Linear regression with R

Linear regressions are traditional statistical models. Regressions are meant to understand how two or more variables are related and/or to make predictions. Taking limitations into account, regressions may answer questions such as: How does the National Product respond to government expenditure in the short run? or What should be the expected revenue for next year?

Of course, there are drawbacks. An obvious one is that linear regression is only meant to grasp linear relations. Plotting variables ahead may give you hints on linearity—sometimes, you can turn things around with data transformation. Note that a relation does not necessarily imply causation.

A strong relation (correlation) could also result from coincidence or spurious relations (also known as third factor or common cause). The latter does not halt your regression as long your intention is to only draw forecasts; nonetheless, true causation is always better.

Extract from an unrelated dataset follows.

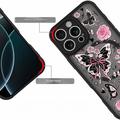 Custodia magnetica protettiva elegante per iPhone 15 Pro Max - Farfalle / Rose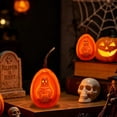 thumbnail image 6 of Hyknon Halloween LED Decor Light, Ghost Pumpkin Hanging Lamp, Skull Embossed Electronic Candle Light, Spooky Figurine Ambient Lamp, Battery Operated Table Hanging Ornament for Halloween Party ( B ), 6 of 7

Imagine that, for some beaches, you can find a strong positive correlation between the number of sodas consumed and drowning. Soda is not causing the drowning but both drowning and sodas are related to the number of swimmers. This is a spurious relation/third factor/common cause. To forbid soda consumption won't stop drowning. Yet, if soda consumption were the only number a policymaker could precisely foresee in a reasonable time horizon, it would be wise to allocate more lifeguards when the soda consumption was about to grow. In the real-world, the calendar (calendar effects) may serve better guidance.

Coincidences are hardly of any use. To check whether you get a coincidence or not, try to predict values from a dataset yet not used to fit the regression. The better results you get from validation and test datasets, the lower chances are to have a coincidence on your hands—(sample) size matters.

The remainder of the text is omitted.